• Task item: For this task, output exactly the lines of the material below starting at the line with "Bán căn hộ central" and ending at the line with "auriculares bluetooth"; pictures are to be excluded.

• Extracted data:
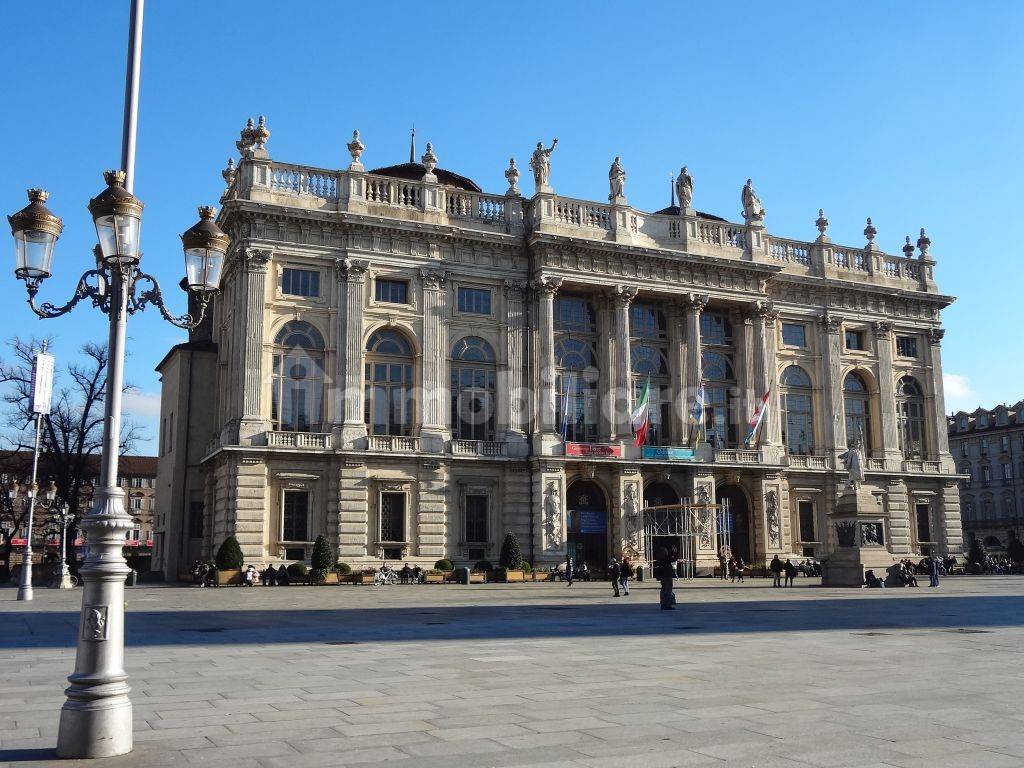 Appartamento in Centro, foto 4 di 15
--
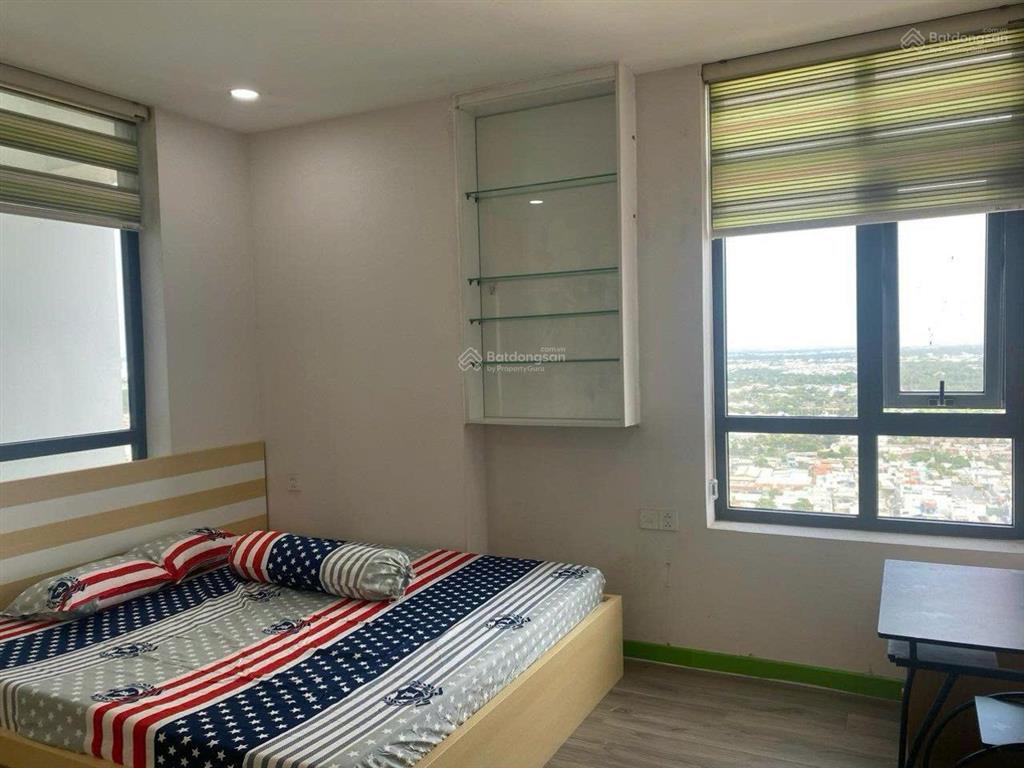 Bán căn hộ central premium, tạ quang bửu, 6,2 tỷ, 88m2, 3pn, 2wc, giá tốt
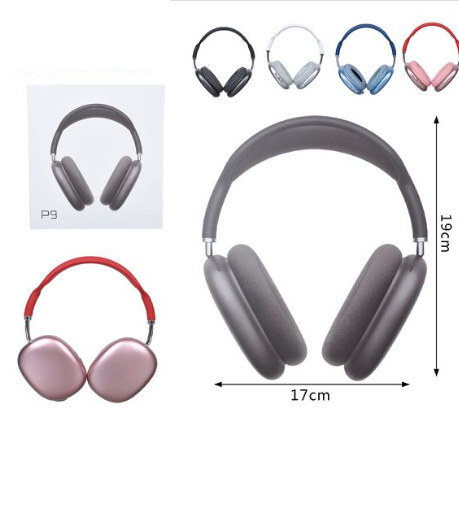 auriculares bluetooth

• Result:
 Bán căn hộ central premium, tạ quang bửu, 6,2 tỷ, 88m2, 3pn, 2wc, giá tốt
 auriculares bluetooth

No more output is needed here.